Methane is one of the most important energy sources nowadays and the main fuel for modern industrial gas turbines. To avoid excessive NOx emissions, lean premixed flames have been widely adopted in combustors under elevated temperature and pressure conditions. For a typical H class gas turbine, the pressure ratio of the compressor is 19–23,[1−3] and therefore the inlet temperature to the combustor is about 690–750 K when the air compression process is regarded as an isentropic process. Much attention has been paid to the topic of the laminar flame speed of methane–air mixtures since it is an important factor in the combustor design. For an ideal low emission combustion process, the flame propagation speed must match the local flow speed. Fail to do so, the combustor may experience some problems, e.g., dynamic instability, flashback, blowoff,[4,5] or high CO emissions.[6−8]

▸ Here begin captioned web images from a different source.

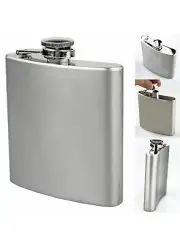Flask 6 Oz Steel Stainless Pocket Hip Liquor Whiskey Screw Cap - 10 Pack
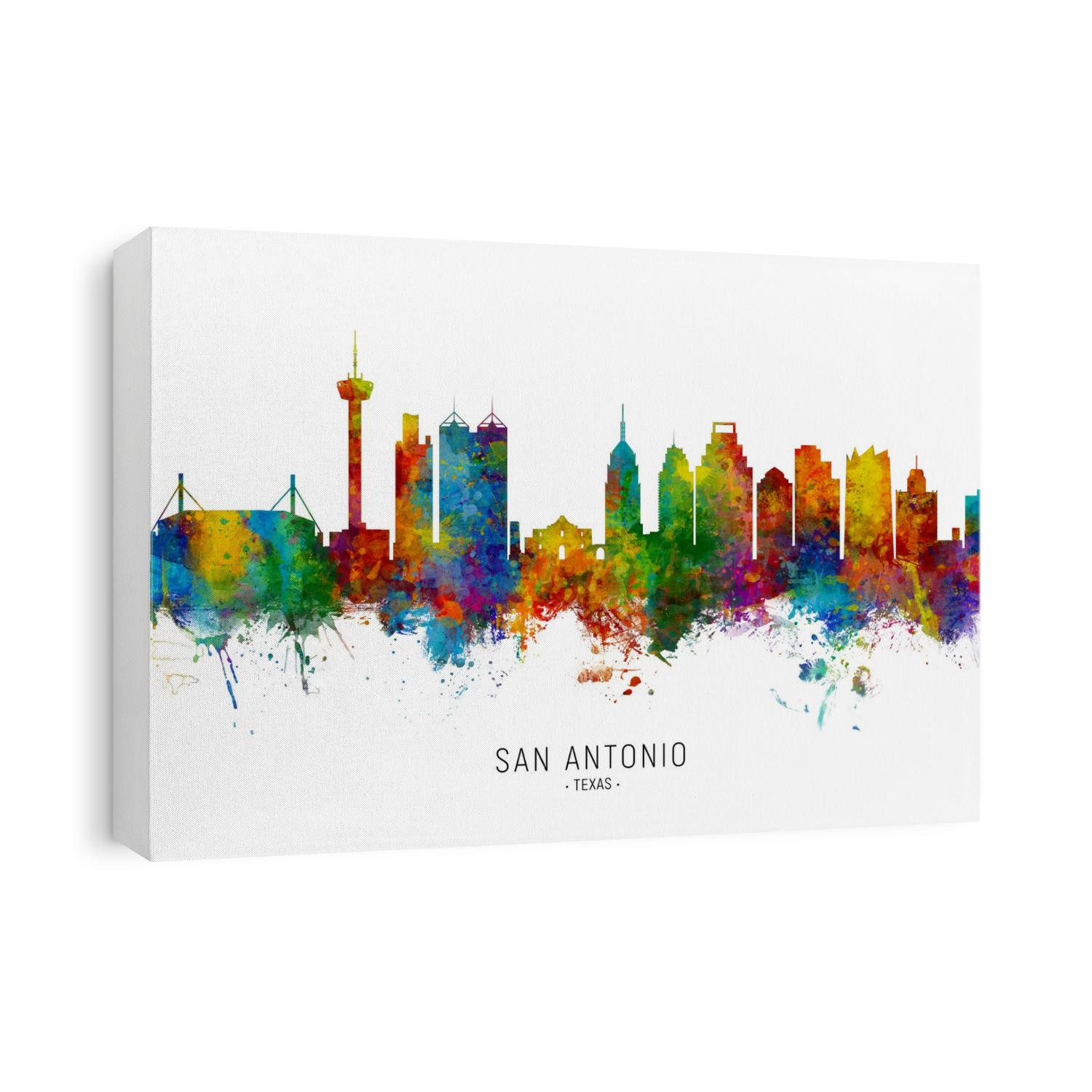 Watercolor art print of the skyline of San Antonio, Texas, United States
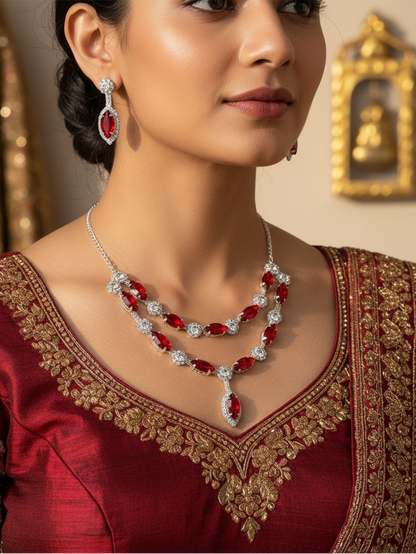 Crimson Radiance Necklace and Earring Set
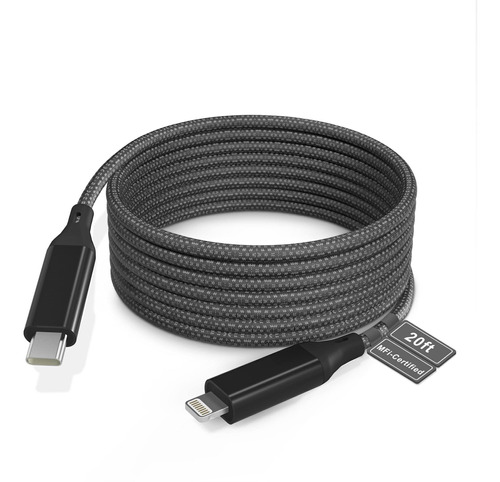 Extra Long Usb C To Lightning Cable 20ft6m  Mfi Certifi...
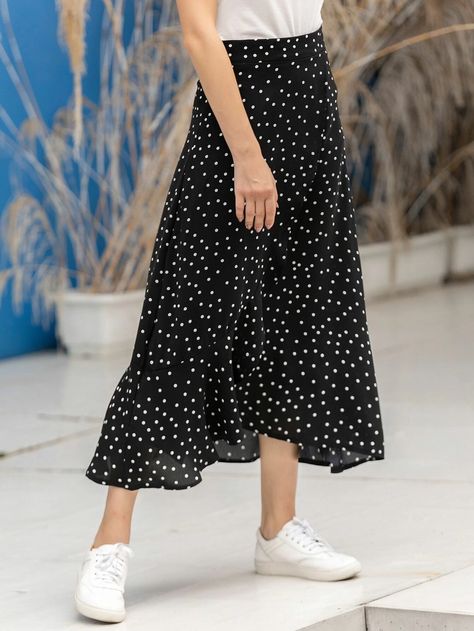 Polka Dot Ruffle Hem Skirt | SHEIN USA Polka Dot Skirt Outfit, Dot Skirt Outfit, Polka Skirt, Black And White Polka Dot Skirt, Polka Dots Skirt, Zara Midi Skirt, Ruffle Hem Skirt, Stylish Summer Outfits, Satin Midi Skirt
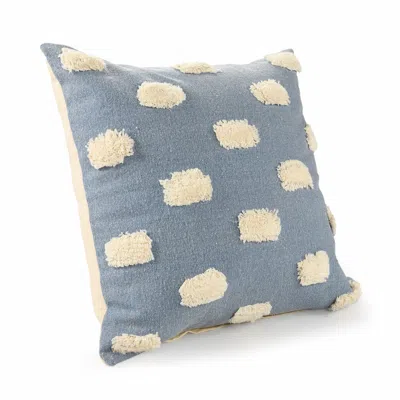 Homezia 20" X 20" Denim Blue And White 100% Cotton Zippered Pillow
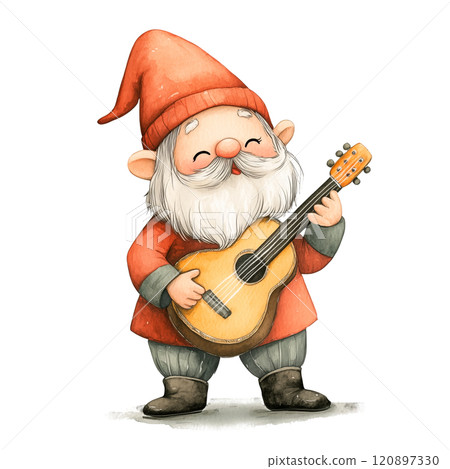 Gnome Playing Guitar, Cheerful Fantasy Character with Acoustic Instrument, Watercolor Illustration for Fairy Tales, Music, Folk Art, and Whimsical Designs 120897330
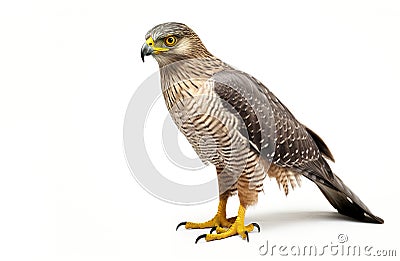 Image of falcon standing on a white background. Bird. Animals. Illustration, Generative AI Stock Photo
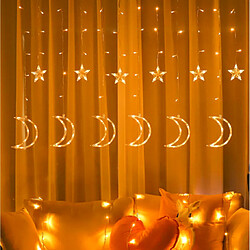 Rideau lumineux Moon in the Room ML46 12 glaçons 138 LED 3m Étoiles et lunes blanc chaud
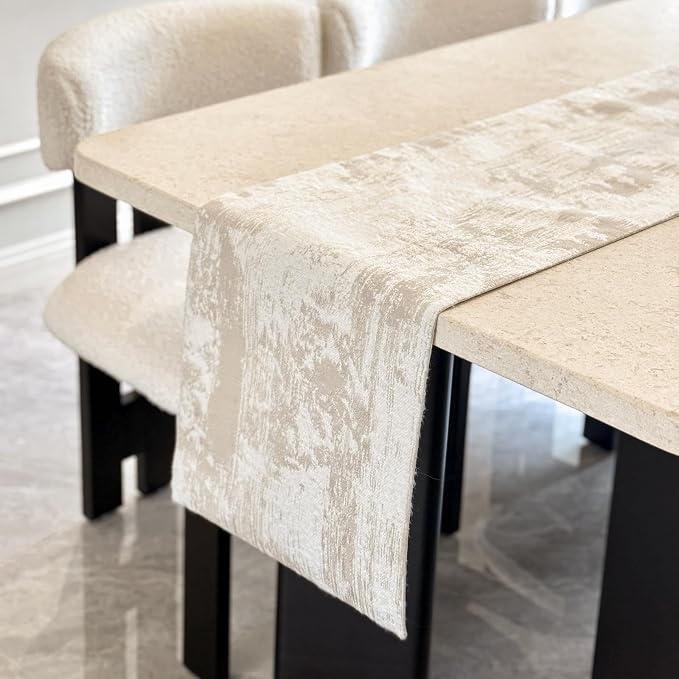 Beige Table Runner 144 Inches Long Cashmere Texture Farmhouse Home Decor Rustic by ZIWUROAD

The laminar flame speed (SL) is defined as the propagation speed of a planar, unstretched, adiabatic, premixed flame.[9,10] It is a key parameter and of great importance for a combustible mixture because it governs many properties of combustion such as the shape and stabilization of a premixed flame. Extensive experiments have been conducted to measure SL of methane–air mixtures using various apparatuses. Gu et al.[11] measured SL of a methane–air mixture between 300 and 400 K using spherically expanding flames. Correlations between SL and equivalence ratio were empirically given as an exponential function within the range of ϕ = 0.8–1.2. Hu et al.[12] measured SL of methane–air mixtures up to 443 K. Ogami and Kobayashi[13] measured SL of stoichiometric methane–air mixtures diluted by helium up to 600 K. More recently, SL of methane–air mixtures has been measured at 300–573 K by Mohammad et al.,[14] 489–573 K by Ferris et al.,[15] and 300–650 K by Varghese et al.[16] Egolfopoulos and co-workers[17] measured SL for C1–C4 hydrocarbons at 400–520 K and 0.8–3.0 MPa. Along with theoretical and numerical studies, it is unequivocal that the flame propagation speed and its gradient to temperature increase with the preheating temperature. However, this dependence has not been quantificationally measured at engine-relevant conditions, which leaves a major shortcoming in the fundamental database. As summarized by Konnov,[18] previous data were performed over a wide range of pressure (up to 6 MPa), while the preheating temperature was mostly below 500 K. Furthermore, large discrepancies still lie between existing literature for elevated temperature conditions.

The main experimental approaches to determine the flame speed are Bunsen burner,[6−8,10,13] spherically expanding bomb,[10,11,19−25] heat flux,[26−30] and stagnation flame.[31−33] Detailed advantages and limitations of these methods were reviewed by Egolfopoulos et al.[34] The Bunsen burner is deemed as a suitable choice to investigate the flame speed under elevated temperatures and ambient pressure. This approach is feasible to control the preheating process and form an unstretched, quasi-adiabatic premixed flame. The shortcoming of this method is that the flame shape is strongly affected by the heat loss at the nozzle rim, curvature on the flame tip, and the equivalence ratio discrepancy due to fresh air entrainment around the flame. To avoid these effects, the Angle method[13,35−37] is usually employed, which measures the slope of the flame front and excludes the nonlinear sections, i.e., the tip and base of the flame.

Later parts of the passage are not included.